There has been an increasing tendency to create defences to liability by employing two techniques. The first is by having resort to traditional principles of public international law. Argentina is involved in a series of cases arising from the measures it had taken to deal with the financial crisis it faced during 2001. These measures included devaluation of the peso contrary to promises that the dollar-peso parity would be maintained, and prohibitions of repatriation, both of which affected foreign investment. There were claims made alleging violation of treaty standards. Argentina has pleaded economic necessity, a defence available in general international law with some measure of success.
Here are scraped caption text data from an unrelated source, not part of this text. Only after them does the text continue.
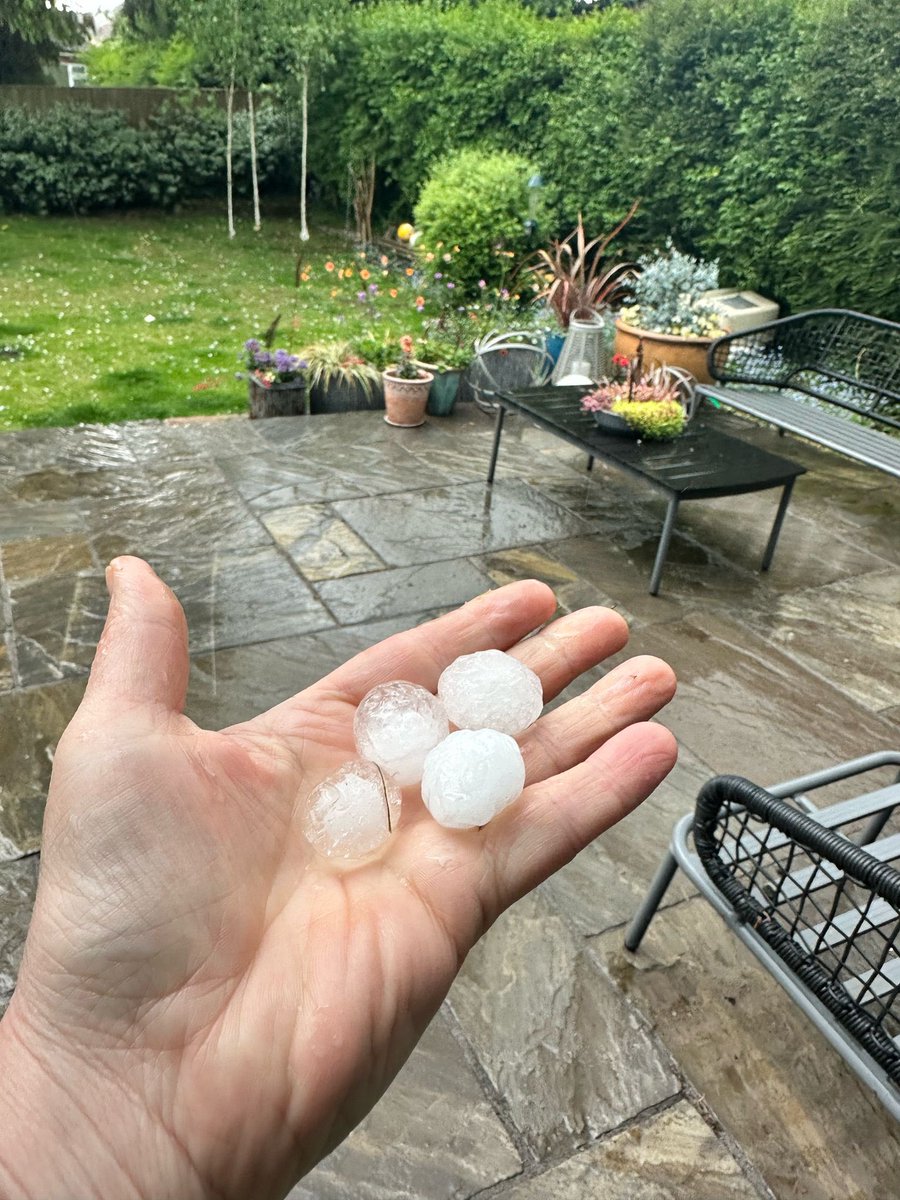 SaraThornton1's tweet image. Wow did those t-storms get going in The Chiltern this afternoon! Video courtesy of Rachel S, Walter’s Ash… photo Anna P, Hughenden.
@bbcweather
(NOT FOR NON-BBC USE WITHOUT PERMISSION)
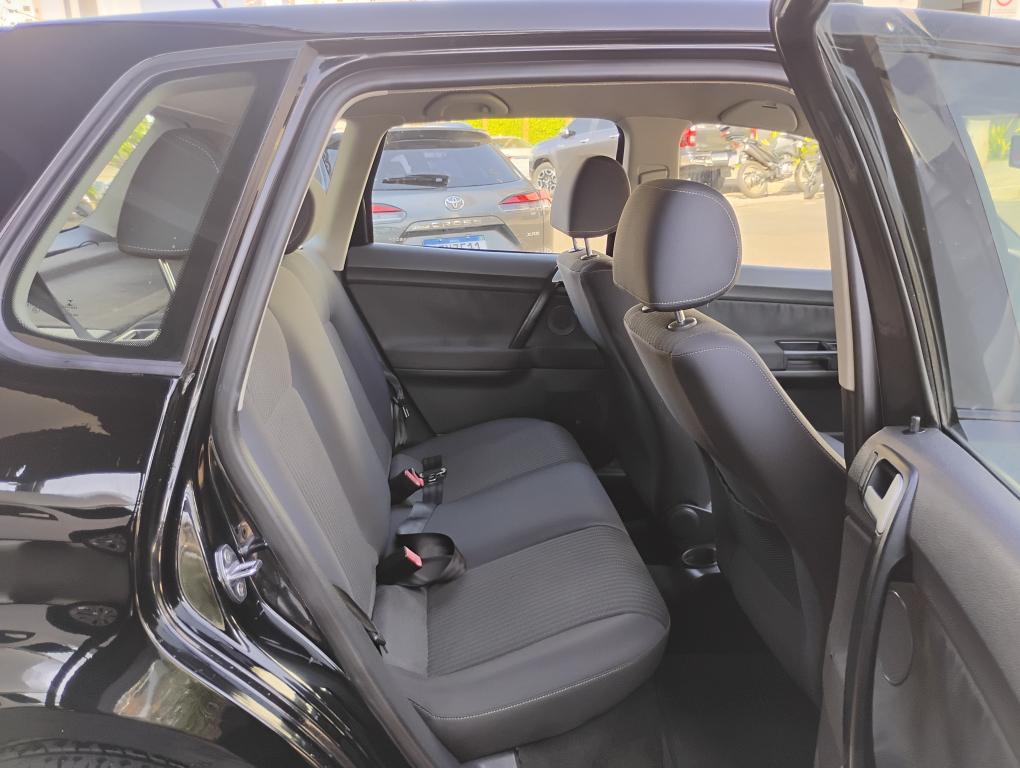 VOLKSWAGEN Polo Hatch - Foto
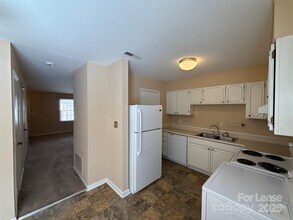 2330 Kenmore Ave in Charlotte, NC - Building Photo - Building Photo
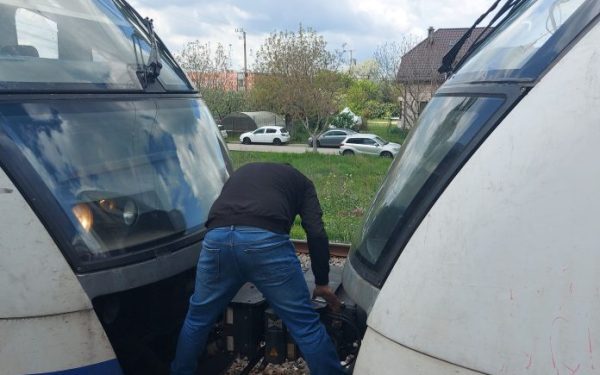 Un automotor al Companiei Naționale de Căi Ferate CFR Călători a suferit o defectiune sâmbătă dimineață, pe ruta dintre Aeroportul Internațional Henri Coandă și Gara de Nord din București, perturbând traficul feroviar de pe una dintre cele mai aglomerate rute din capitală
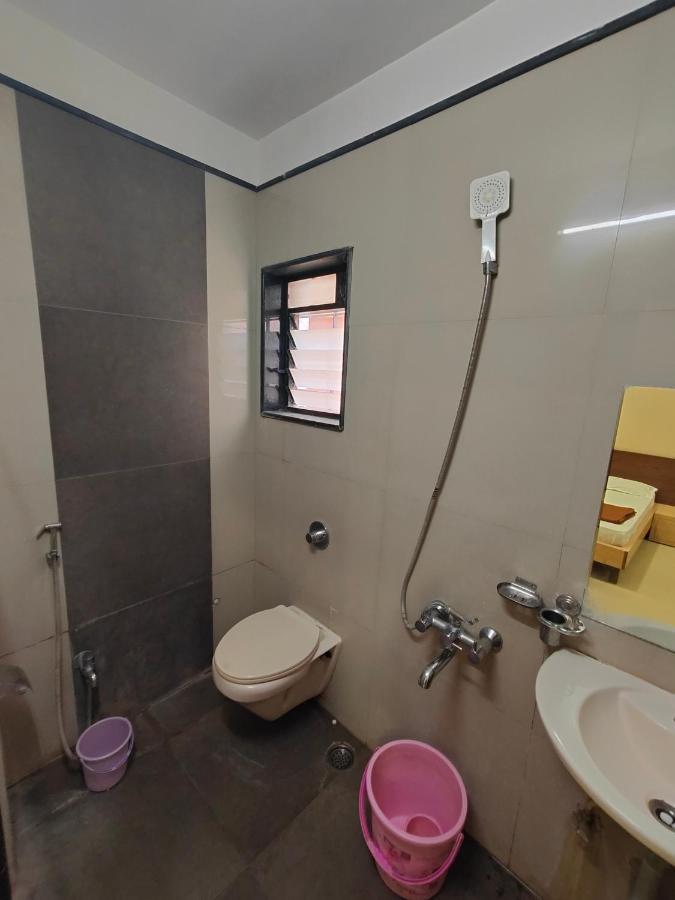 Hotel Midtown Inn Nashik Exterior foto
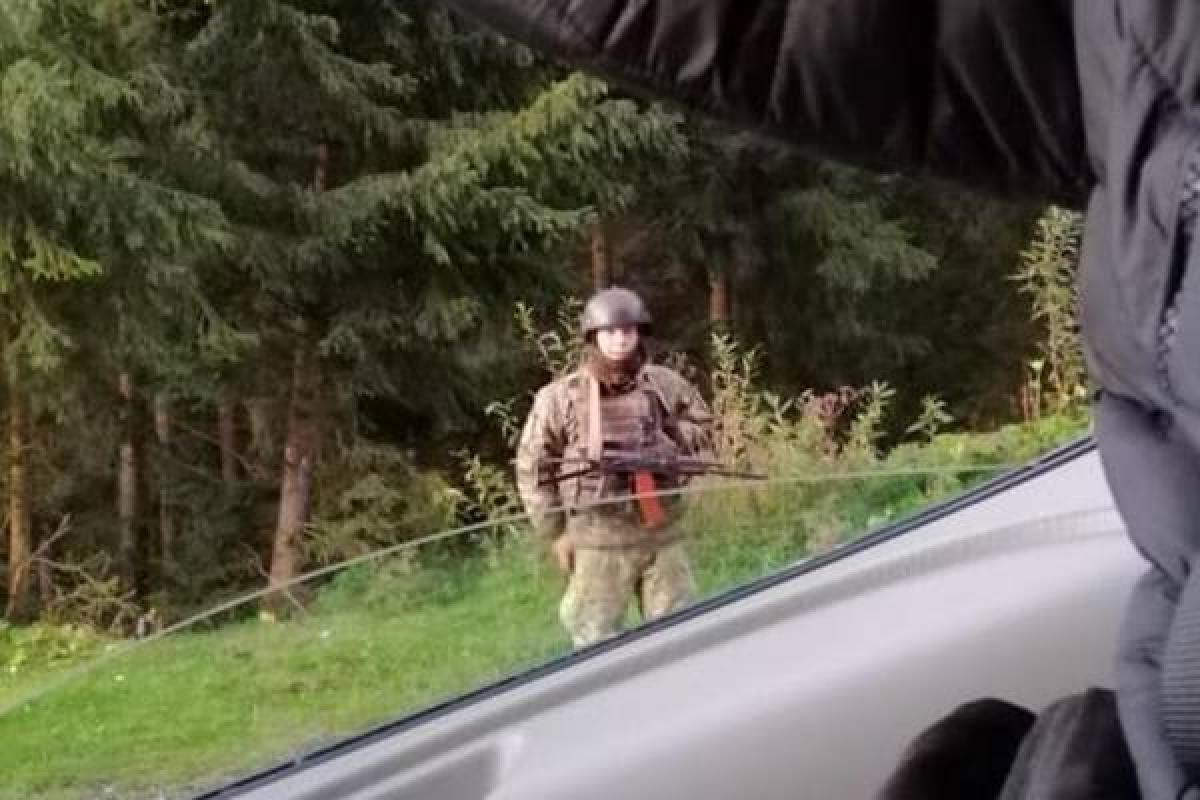 На известном курорте на Западе Украины замечены вооруженные "зеленые человечки": видео На известном курорте на Западе Украины замечены вооруженные "зеленые человечки": видео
As the new awards in these series of disputes come out, there seems to be a sharpening of the arguments based on economic necessity which appear to be succeeding.

The second type of defence appears in the treaty itself. Events indicate that the heydays of neo-liberalism when full protection was given by the treaties on the assumption that they uniformly benefit developing states are over. The treaties now contain several defences which are based on the need to safeguard against abuses in the environmental and human rights areas.

The pattern of investment is also changing. In the past the rich states of Europe and the United States were capital exporters. Now, they are among the largest recipients of capital. China, India and smaller states like Singapore and Dubai are capital exporters as well as receivers of capital. As a result, the day is not far off when the erstwhile capital exporters will be the respondents in claims brought by Chinese, Indian and Singapore investors. There will be considerable back-stepping when this happens. We can already see this in the context of NAFTA where the US and Canada have become targets of litigation under the investment chapter of NAFTA. There is considerable dismantling of the law taking place as a result. There is a rediscovery of the view that regulatory expropriation is not compensable. There is a reading out of the fair and equitable standard of treatment. These trends will continue. These are exciting times in this area of the law which needs to be studied by lawyers in Singapore as the City becomes the legal hub of the region and farther afield.

International Arbitration Practice Group, KhattarWong
Rajan Menon
Hee Theng Fong
Chia Ho Choon
Deborah Barker, SC
K Anparasan
Professor M Sornarajah


Notes

1 The International Law on Foreign Investment (2nd Edition, Cambridge University Press, 2003) is a good starting point, as is Rudolph Dolzer and Christoph Schreuer, International Investment Law (Oxford University Press, 2008). The latter work however, concentrates largely on treaty based investment arbitration. There is an expensive work by Campbell McLachlan and others, Investment Treaty Arbitration (Oxford University Press, 2008). Most awards in the area are available free on various web-sites. The best of them is http://ita.law.uvic.ca/. ICSID has a useful web-site on which ICSID awards appear. Investment treaties of virtually every country can be obtained on a website run by UNCTAD. There are various publications on specialist areas of the law in the field.

2 In AAPL v Sri Lanka, a Hong Kong company investing in the aquaculture of prawns in the Eastern Province of Sri Lanka had its factory bombed by the Sri Lankan army as it was suspected that the Tamil Tiger rebels had taken refuge in the factory. The Hong Kong claimant sought jurisdiction over the dispute by invoking the UK-Sri Lanka treaty which by extension applied to the then Crown Colony of Hong Kong. The Claimant was able to obtain jurisdiction and relief through this technique.